En estos momentos me estoy preparando para someterme a una cirugía que en definitiva va a cambiar el rumbo de mi vida; debería estar estresado, SÍ, lo estoy y bastante, pero más allá de ese sentimiento que nos embarga, al desconocer que nos deparará el futuro, tomé una decisión, y seguiré firme en la misma, aunque las modificaciones que debo realizar a mis esquemas mentales, en este caso alimenticios, son similares a la de dar un giro de 180 grados, a los cuales he hecho un compromiso familiar, y para conmigo, que lo voy y lo debo cumplir.

Así mismo, puedo comentarles también, que la semana anterior, tuve el enorme agrado y oportunidad de participar en un seminario de Liderazgo, brillantemente coordinado por el Instituto Nacional Demócrata, (N.D.I), que es una ONG internacional, cuyo principal objetivo es fortalecer las democracias en los países donde voluntariamente intervienen, y en el cual participamos 25 miembros de partidos de distinta tendencia y visión del quehacer político, desde Pachacutik hasta Social Cristiano, pasando por el partido de Gobierno actual, Movimiento Ruptura, Sociedad Patriótica, Prian y Concertación del señor Montúfar.

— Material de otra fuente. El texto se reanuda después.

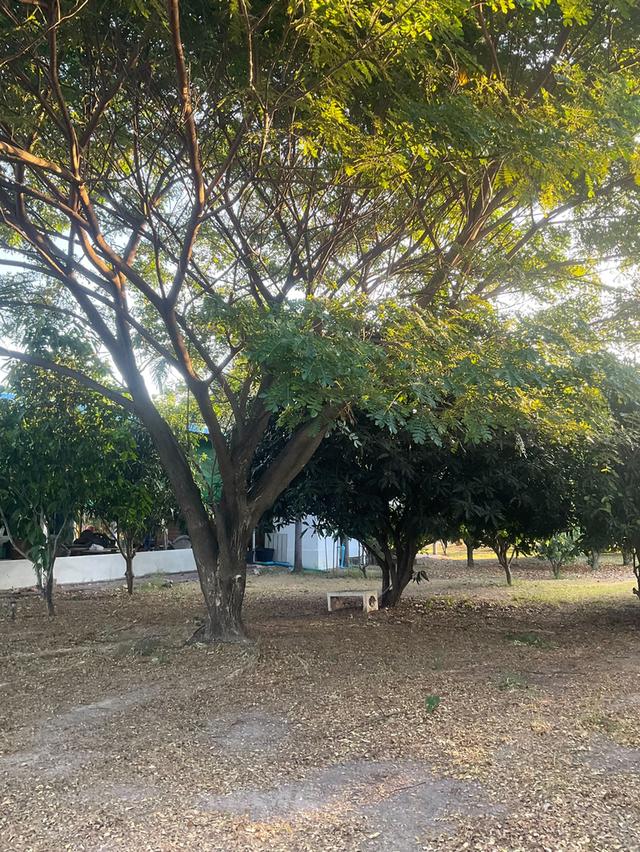 ขายที่ดินพร้อมสิ่งปลูกสร้าง เนื้อที่ 3 ไร่ 1 งาน 94 ตารางวา ตำบลพุแค จังหวัดสระบุรี 3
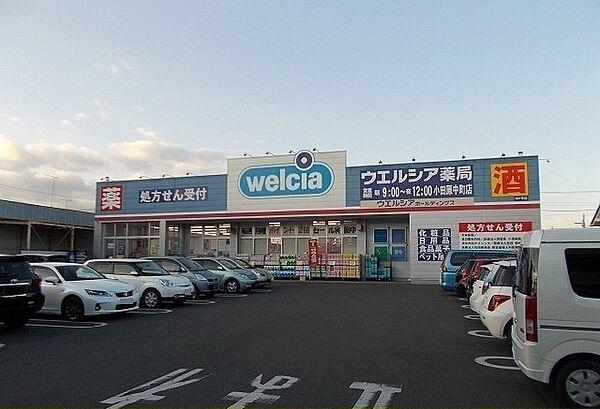 【周辺】ウエルシア小田原中町店まで600m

Creo que ustedes al leer el detalle de los concurrentes, tendrán la misma sensación que yo tuve en el momento que me invitaron; que tal cual los Congresos de antaño, o las Asambleas Actuales, sería una suerte de circo, en el cual, lo más probable es que salgamos más enemistados, o al menos utilizáramos la tarima que nos brindó el N.D.I., y nos saquemos “los cueros al sol”, en defensa de nuestras posturas, líderes e ideologías, y que el ambiente sería de lo más hostil y sin sentido.

Sin embargo de lo anterior, mi perspectiva del desenvolvimiento negativo del curso, como lo fue también para muchos otros de los que participamos, entre los cuales hubo Asambleístas, asesores, Concejales, líderes indígenas, y miembros de directivas partidistas, fue totalmente lo contrario, trabajamos en un ambiente de paz y tranquilidad, ya que nosotros nos auto impusimos las reglas, y salvo contadísimas excepciones, pudimos escuchar y debatir sobre los diferentes temas que revisamos durante los 5 días de “encierro” que duró la totalidad del programa.

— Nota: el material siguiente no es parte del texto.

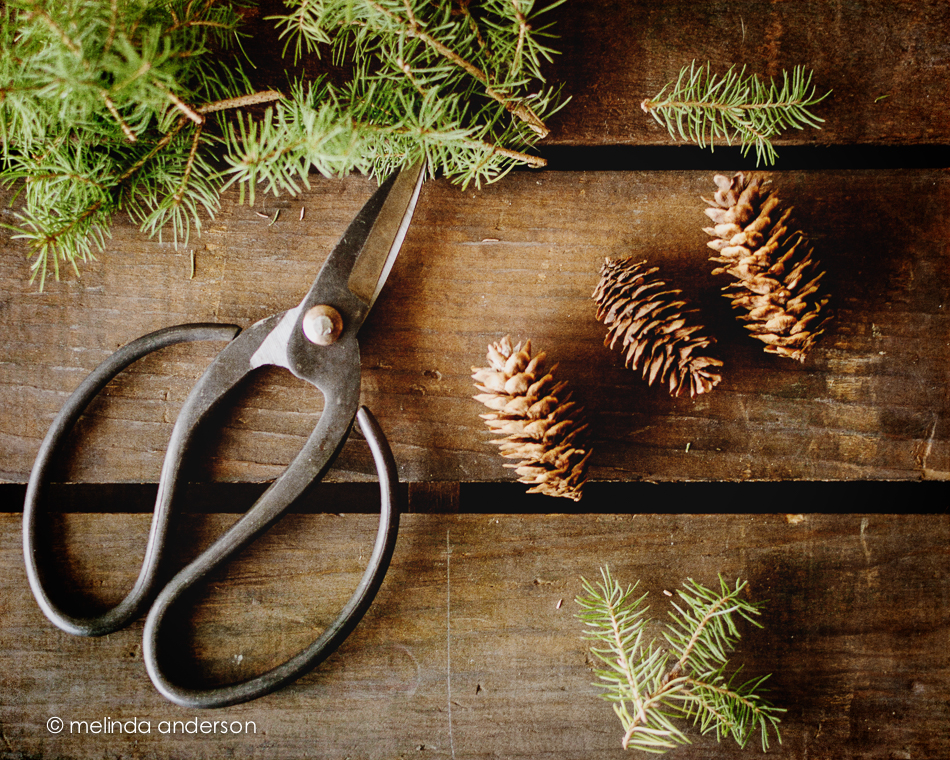 20141207-DSC_7556_melinda_anderson-Edit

Personalmente lo que más me enriqueció, fue palpar en carne propia, que la concertación y los acuerdos son posibles y viables si existen la intensión y los deseos de hacerlos, que siempre existirá un motivo en el cual confluyan nuestros objetivos, porque más allá de las agendas partidistas, somos personas humanas con sentimientos, y siempre vamos a estar en la búsqueda del bienestar de los más necesitados, y más que todo, que debemos de generar la conciencia común, de que se puede lograr con VOLUNTAD y DECISIÓN de generar reales y profundos CAMBIOS.

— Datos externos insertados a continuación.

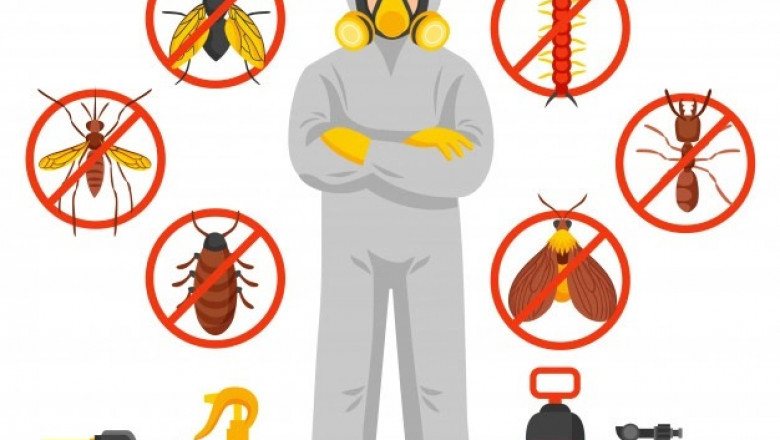 Pest Control Near Me for Termites | Termite Control Services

Estimados lectores, considero que la concertación bajo una agenda programática en beneficio de los que menos tienen es muy posible de realizarse, debemos dar el primer paso que siempre será el más complicado, pero aceptando que las barreras son franqueables, los esquemas mentales modelables y que somos capaces de romper los más grandes paradigmas, es suficiente para avizorar, como cualquier ser humano o partido político racional, que “El Ecuador que todos queremos, está justo en nuestras manos”.